As adaptações das artes foram complicadas, mas factíveis. Mas algumas traduções foram realmente complicadas. Olhamos um bocado para outras fontes de informação, como o Historia Discordia (e, é claro, a Deusa) em busca de iluminação. Essa iluminação veio quase sempre. Em alguns casos, onde as coisas estavam absolutamente intraduzíveis, como a vaca pensativa na p. 00028, nós optamos por só colocar uma piadinha parecida, que fizesse sentido para o leitor. As músicas e rimas foram complicadas também, mas acho que conseguimos passar por elas sem grandes baixas. O processo todo, porém, levou alguns meses a mais do que o originalmente previsto.
Quando o livro foi para a gráfica, tivemos dificuldades em fazer eles entenderem que os números das páginas estavam trocados (páginas ímpares na esquerda, pares na direita). Tivemos que assinar um documento dizendo que eles não estavam ferrando tudo. O evento de lançamento também foi engraçado. Escolhemos um bar legal para o evento, e o dono do lugar, sabendo do que se tratava o livro, não achava que muita gente iria aparecer. No fim das contas, o lugar lotou, e o dono teve que trabalhar na cozinha, e chamar o pai dele para ajudar (nenhum dos funcionários estava a fim de aparecer de sopetão no meio de um domingo). Isso foi um bom sinal. Houve cachorros quentes para todos.
Recebemos uns pedidos curiosos pela nossa loja. Um deles pedia para mandar no mesmo pedido um cachorro quente, um rabino repentista e cinco toneladas de linho. Outros pediram por um “Não, Obrigado”. Diversos pedidos tinham mensagens misteriosas sobre os Illuminatti e o Pelé.

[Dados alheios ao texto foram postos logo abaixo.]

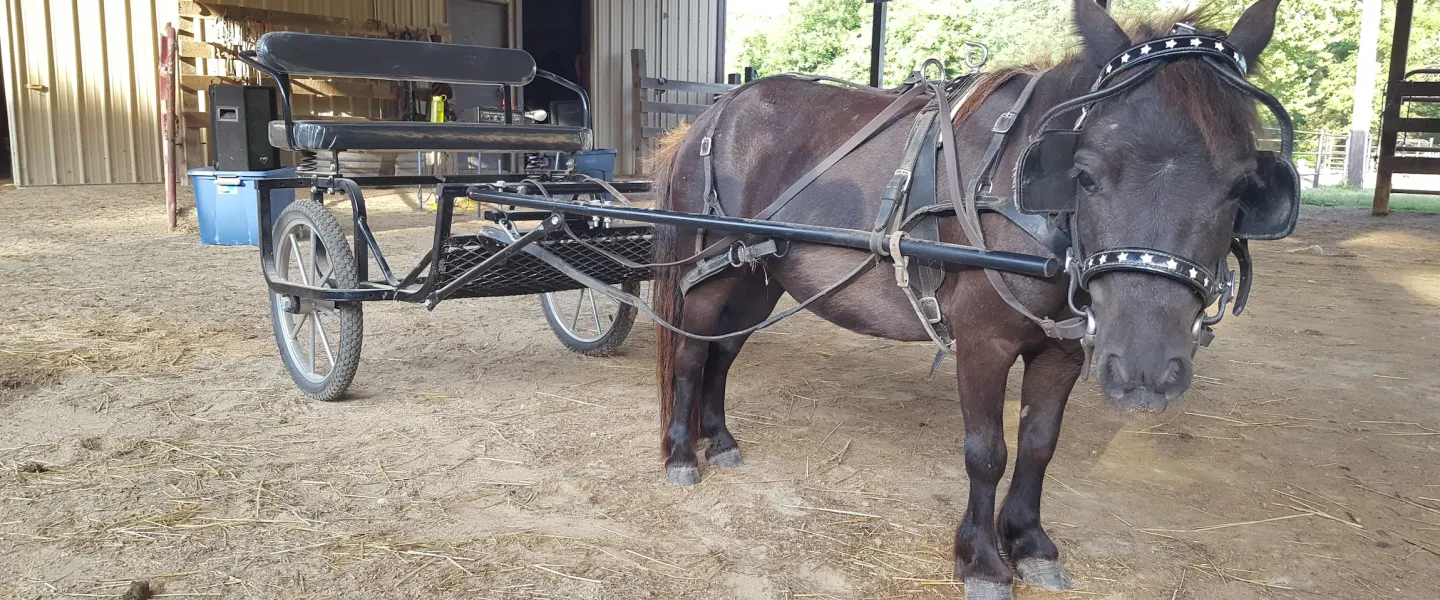 cupcake cart ride YMCA Trout Lodge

Antes do livro ir parar nas livrarias, nós escondemos cuidadosamente alguns PDs em grandes livrarias e instruímos nossos seguidores nas redes sociais, dizendo que os livros eram presentes para os primeiros que os localizassem e tivessem a coragem de sair pela porta da frente de uma livraria com um livro novo, sem pagar por ele. Tecnicamente, isso não é roubar – nós, os editores, estamos dando os livros – mas certamente bagunçou os sentimentos das pessoas. Todos os livros escondidos foram encontrados em um ou dois dias.
Agora o PD está em todas as principais livrarias do Brasil, e tem uma outra coisa engraçada a respeito dele. Posição nas prateleiras. Algumas livrarias colocam ele na prateleira de Mitologia Grega, alguns na de Quadrinhos, outras em Biografias, outra em Jovens Adultos, outras em Autoajuda, outras em Ciências Políticas. E, francamente, eu não faço ideia de onde ele deveria estar. Talvez perto da Bíblia, do Alcorão, ou da Torá. Mas em uma prateleira mais alta, na altura dos olhos. Quem sabe?